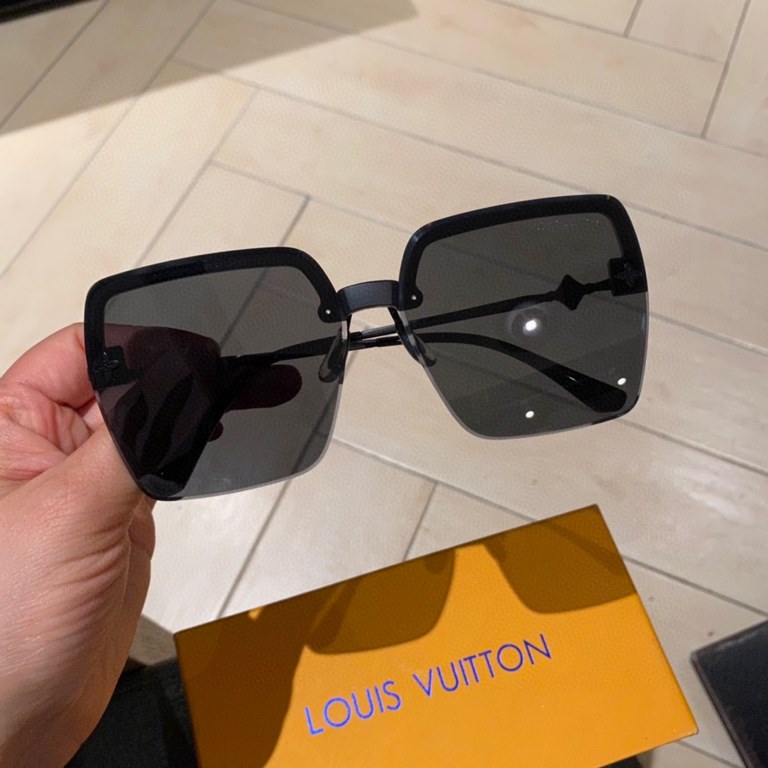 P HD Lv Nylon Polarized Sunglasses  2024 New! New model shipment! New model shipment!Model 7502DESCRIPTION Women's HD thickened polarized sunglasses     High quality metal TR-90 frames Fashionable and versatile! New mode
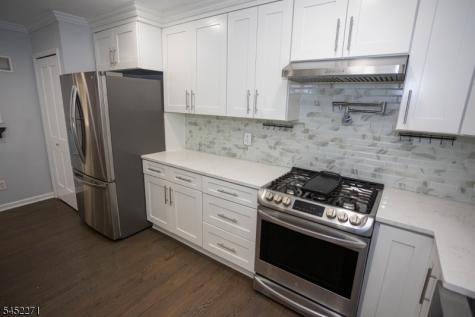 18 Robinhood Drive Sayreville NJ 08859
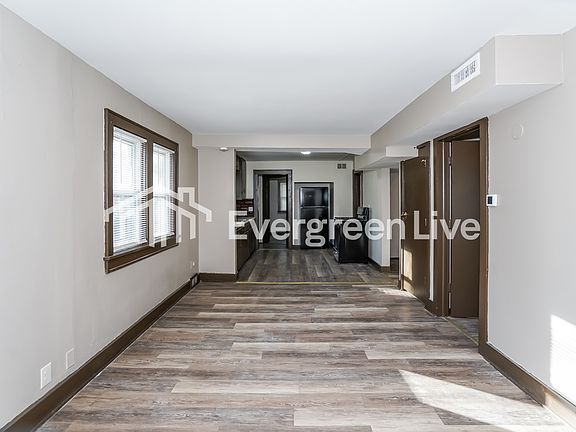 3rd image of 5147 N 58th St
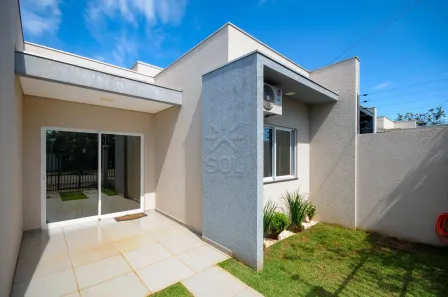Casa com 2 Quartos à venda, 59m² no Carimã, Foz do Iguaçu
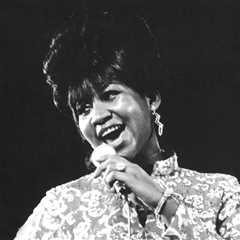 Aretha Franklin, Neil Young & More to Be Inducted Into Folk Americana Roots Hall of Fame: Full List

▬▬▬

Your task is to quote exactly the lines from the one with "3rd image of 5147 N 58th St" through the end of the material, both included, without reproducing any pictures.

Problem solution:
 3rd image of 5147 N 58th St
Casa com 2 Quartos à venda, 59m² no Carimã, Foz do Iguaçu
 Aretha Franklin, Neil Young & More to Be Inducted Into Folk Americana Roots Hall of Fame: Full List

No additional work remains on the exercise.